On paper, Bergman Island it could easily be mistaken for the most influential film ever made. A pair of directors arrive for a screenwriting session at the film’s main dealer, Ingmar Bergman, causing a crisis of trust in their relationship. Add a cinematic meta within a movie and, to everyone else, it feels like it can only be enjoyed with a frown, a black polo, and a pecan roast. Instead, in her first English-language film, French director Mia Hansen-Løve, who has always been the most human of filmmakers, has nothing to do with Scandi’s angst and paranoia, editing a warm and seductive. Light exploration of a shy artist trying to find her voice.
The title island is the mythical Fårö, Bergman’s home and workplace since the 1960s.ghost yarn‘s Vicky Krieps, replacing Greta Gerwig, who abandoned ship to do Little woman) and Tony (Tim Roth). Building on Hansen-Løve’s 15-year union with acclaimed French director Olivier Assayas, Chris is an up-and-coming writer / director, still unsure of herself, married to the eldest and most praised Tony. The latter has been invited to screen his latest film and is enjoying all the Bergmanian goodness the island has to offer. Chris, meanwhile, feels the specter of fatherhood looming over her (“Write here, how can I not feel like a loser?”) And, avoiding Bergman’s organized “safari”, joins forces with an expert from Fårö (Hampus Nordenson ).

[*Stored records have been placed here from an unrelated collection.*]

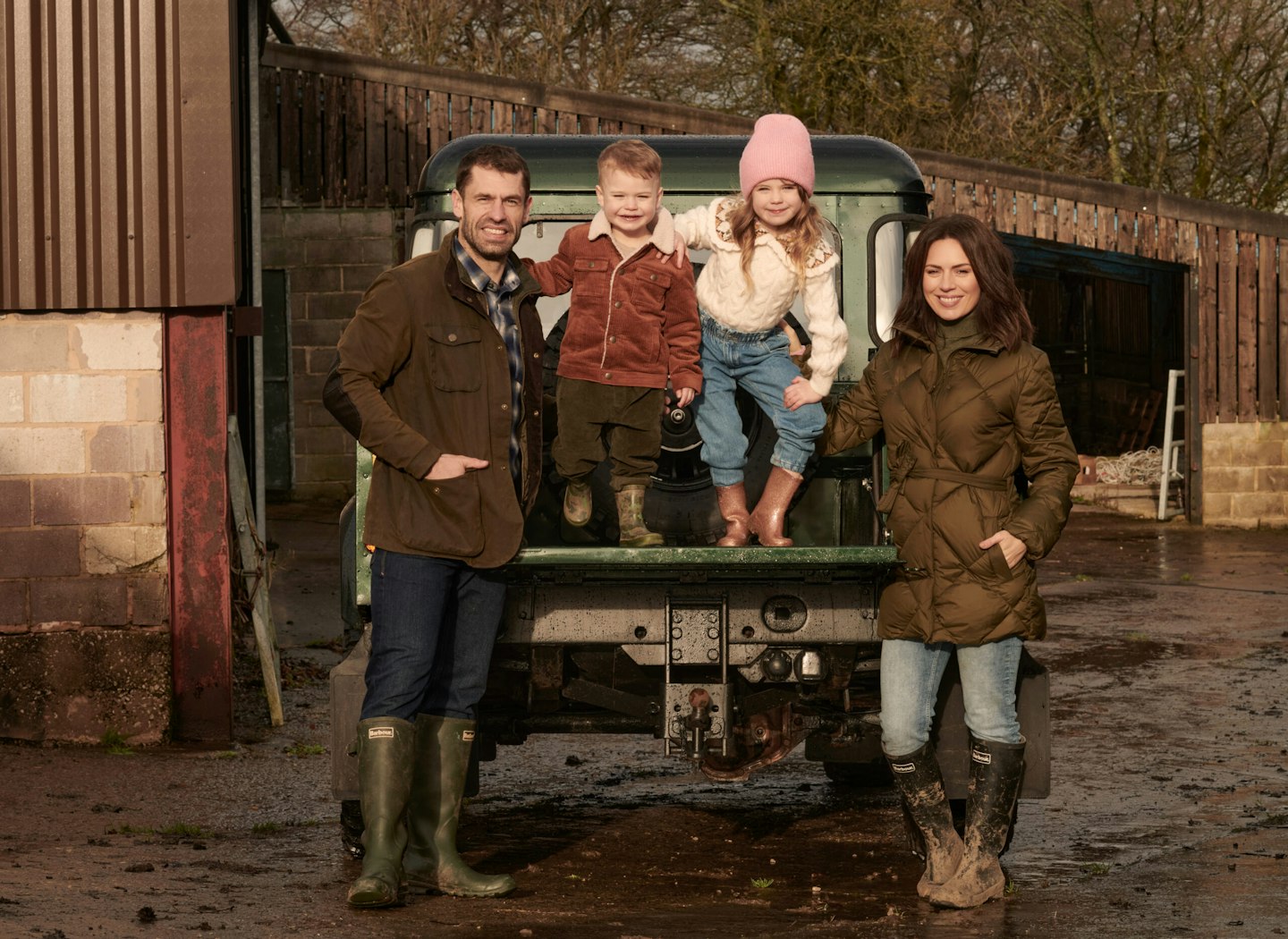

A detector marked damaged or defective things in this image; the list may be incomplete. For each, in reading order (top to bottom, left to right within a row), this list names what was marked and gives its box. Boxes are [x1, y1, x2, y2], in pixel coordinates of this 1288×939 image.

rust corduroy jacket [326, 233, 543, 571]
rust corduroy jacket [824, 324, 1076, 644] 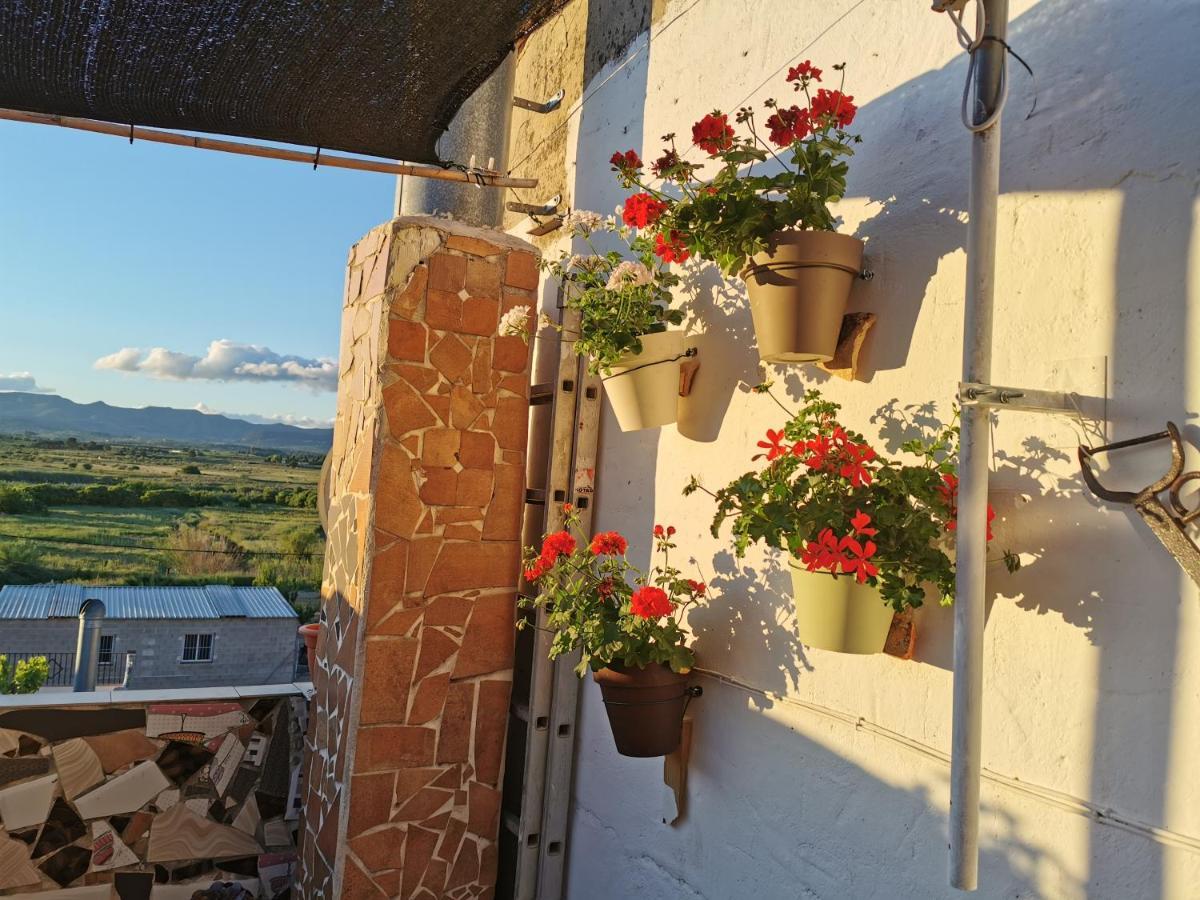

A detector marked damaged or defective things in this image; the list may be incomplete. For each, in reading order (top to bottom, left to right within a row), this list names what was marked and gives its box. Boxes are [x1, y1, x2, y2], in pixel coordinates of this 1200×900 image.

broken tile pile [0, 696, 304, 900] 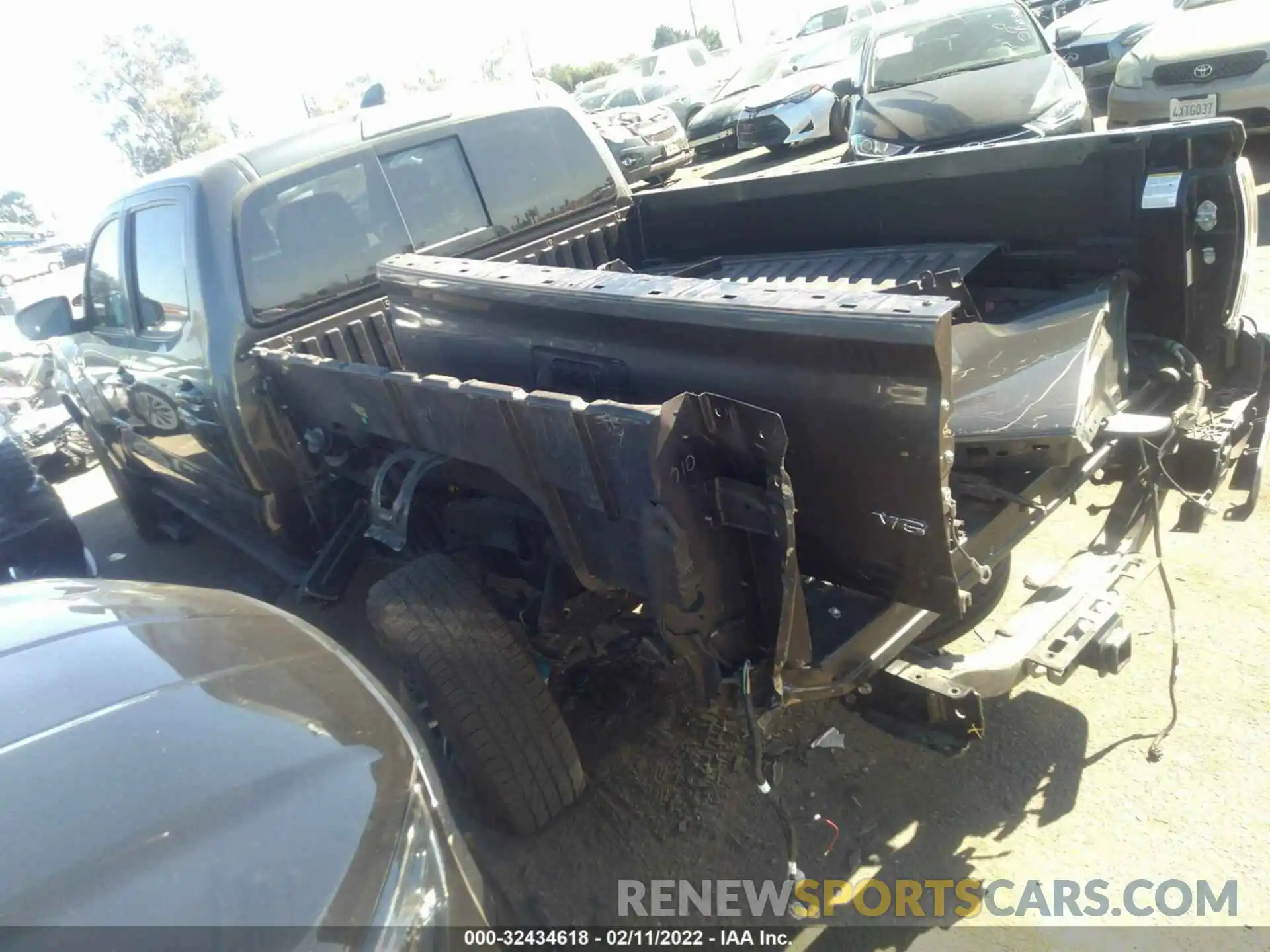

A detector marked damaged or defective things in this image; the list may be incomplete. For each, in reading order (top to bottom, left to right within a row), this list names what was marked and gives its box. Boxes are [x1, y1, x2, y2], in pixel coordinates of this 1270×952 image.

heavily damaged truck [17, 85, 1259, 836]
wrecked pickup [15, 82, 1265, 836]
damaged tailgate [362, 253, 968, 614] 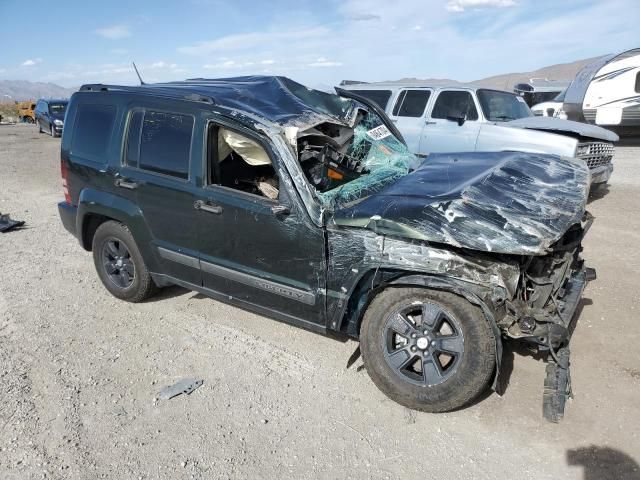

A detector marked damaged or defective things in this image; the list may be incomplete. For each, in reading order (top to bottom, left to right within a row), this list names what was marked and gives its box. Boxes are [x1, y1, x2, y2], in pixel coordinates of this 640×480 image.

damaged door [196, 120, 328, 330]
heavily damaged suv [58, 75, 596, 420]
shattered windshield [298, 106, 422, 207]
crumpled hood [336, 151, 592, 255]
shattered windshield [478, 89, 532, 122]
crumpled hood [504, 116, 620, 142] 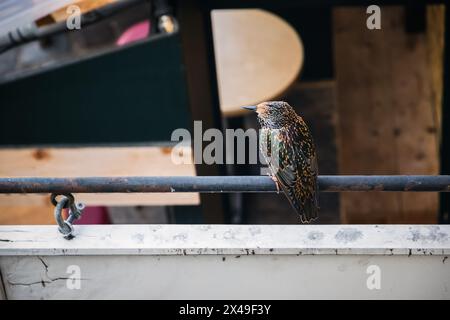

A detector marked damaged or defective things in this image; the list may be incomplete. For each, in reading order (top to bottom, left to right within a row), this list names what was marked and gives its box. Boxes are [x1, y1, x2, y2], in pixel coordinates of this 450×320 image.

rusty metal rail [0, 175, 450, 192] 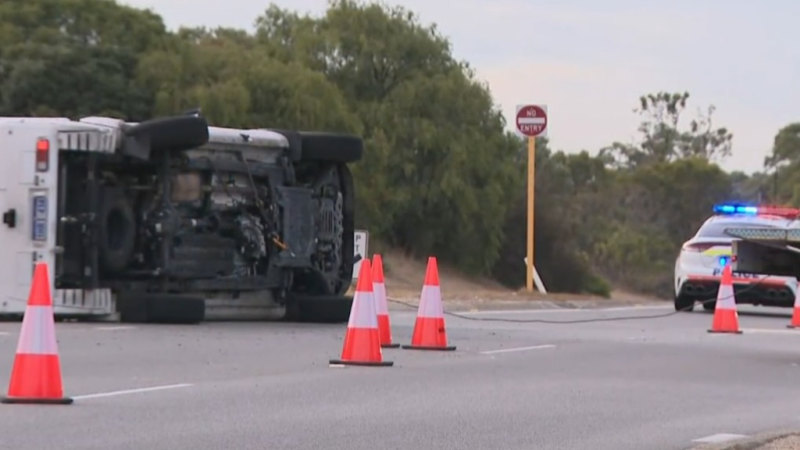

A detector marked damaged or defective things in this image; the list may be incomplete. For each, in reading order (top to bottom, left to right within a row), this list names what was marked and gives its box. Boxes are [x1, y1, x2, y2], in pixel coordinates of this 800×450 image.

exposed vehicle undercarriage [52, 114, 360, 322] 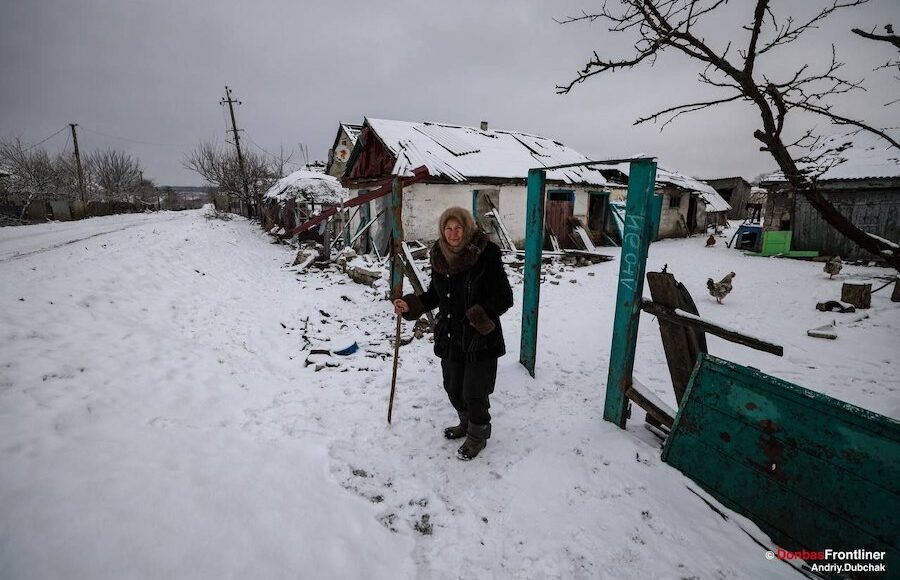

Hansen-Løve’s empathy behind the camera is palpable.
Hansen-Løve extracts a fun comic relief from Bergman’s oeuvre (by asking to screen a play, Chris and Tony are weighed down by the cancer drama screams and whispers), but you don’t have to be a bergophile to get it. His work, on the other hand, is the starting point for an incisive portrait not only of a couple in difficulty, but also of the creativity within a relationship. During an argument about Bergman having nine children but an absent father, Chris questions the possibility that a woman will ever have a substantial amount of work and continue to raise children. Hansen-Løve’s empathy behind the camera is palpable.
Halfway through, Chris presents his script to Tony and his story becomes the movie. Independent Linklater-style film, “The White Dress” follows Amy (Mia Wasikowska), a New York director who, leaving her child behind, travels to Fårö to attend a friend’s wedding and reunites with Joseph (Anders Danielsen Lie ). , her first love, which inspired her first film. Sometimes it feels like a deliberately stammered first draft, but Wasikowska brings it to life, whether she’s having fun at sea or going wild with “Dancing Queen”.
It is not as complete and consistent as the best of Hansen-Løve (see goodbye first love, Eden, things to come), but it still has its magic. He has the energy of a smile on a summer night, wistful, delicate, deceptively simple on the top and full of tricks below. This summer there is really only one island of Løve to visit.